Finland, Singapore, and the U.S. are on an airplane that’s about to crash…


The title comes from a trope of jokes about the hilarity that results from dissimilar groupings of people (usually a rabbi, a priest, and a minister). Sometimes the joke is how alike they all are and sometimes, the dis-congruity of groupings makes that joke. That’s how I like to think about comparisons between the U.S. and countries like Finland and Singapore on international tests. The issue came up recently on Larry Ferlazzo’s blog in his response to a particularly brain-dead and specious argument about teacher quality (Do Teachers REALLY Come From The Bottom Third Of Colleges? Or Is That Statistic A Bunch Of Baloney?).
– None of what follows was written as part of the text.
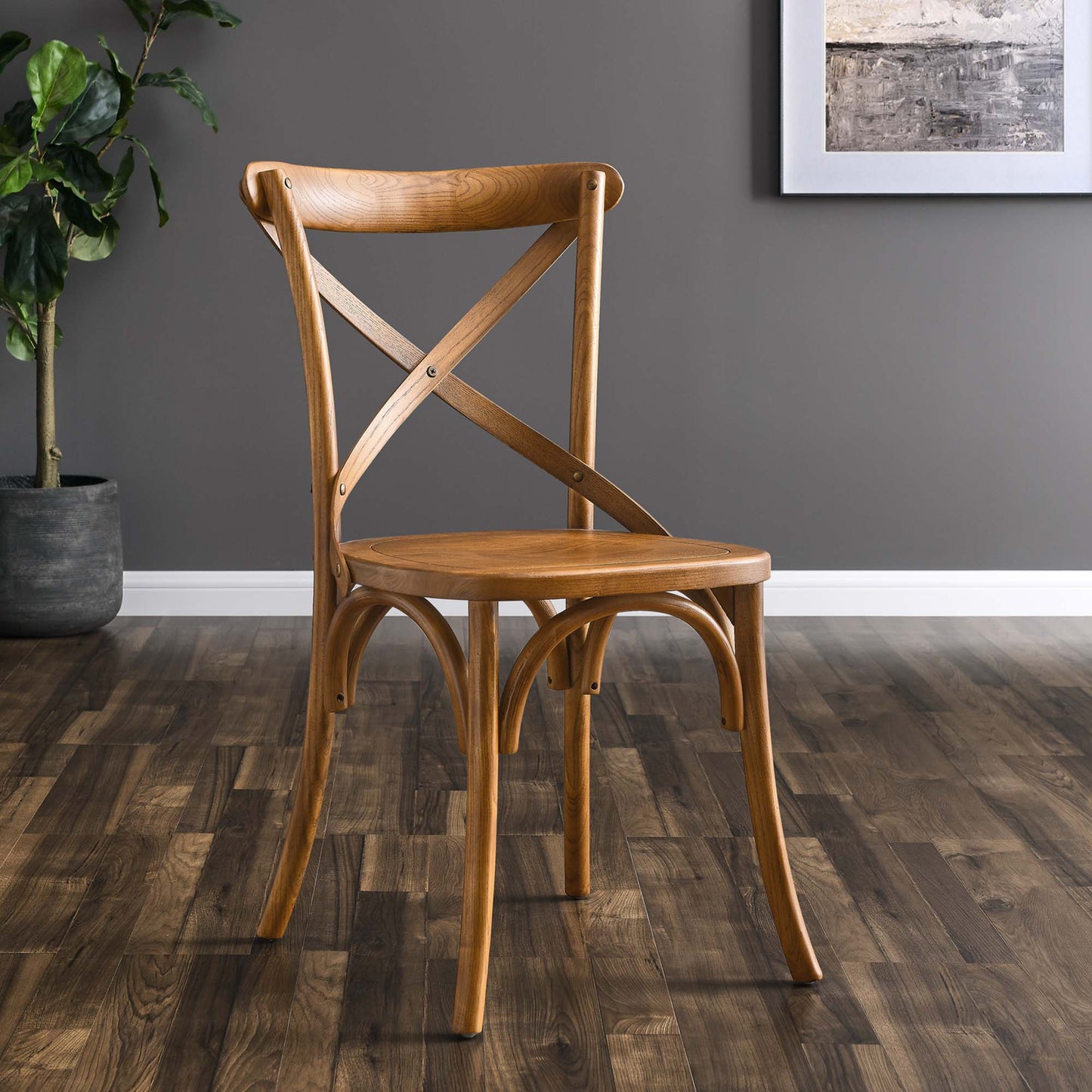 Juniper Dining Side Chair in Walnut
I was going to write a whole post just about the comparisons to Singapore and Finland, but I’ve decided to put up links because really all I would be doing is using information easily gotten from the posts of others:

  • The Bracey Report 2009
    Bracey takes apart  international score data to show that the U.S. may have lower average scores on math and science, but because we have a large number of students, and we have a large number of students at the high end of the distribution (offset in the average by the large number in the cellar of scores), we have more high-end math and science graduates, than countries that score higer on PISA. He also does a nice job on the breakdown of our scores by school poverty-level which yields and unsurprising correlation.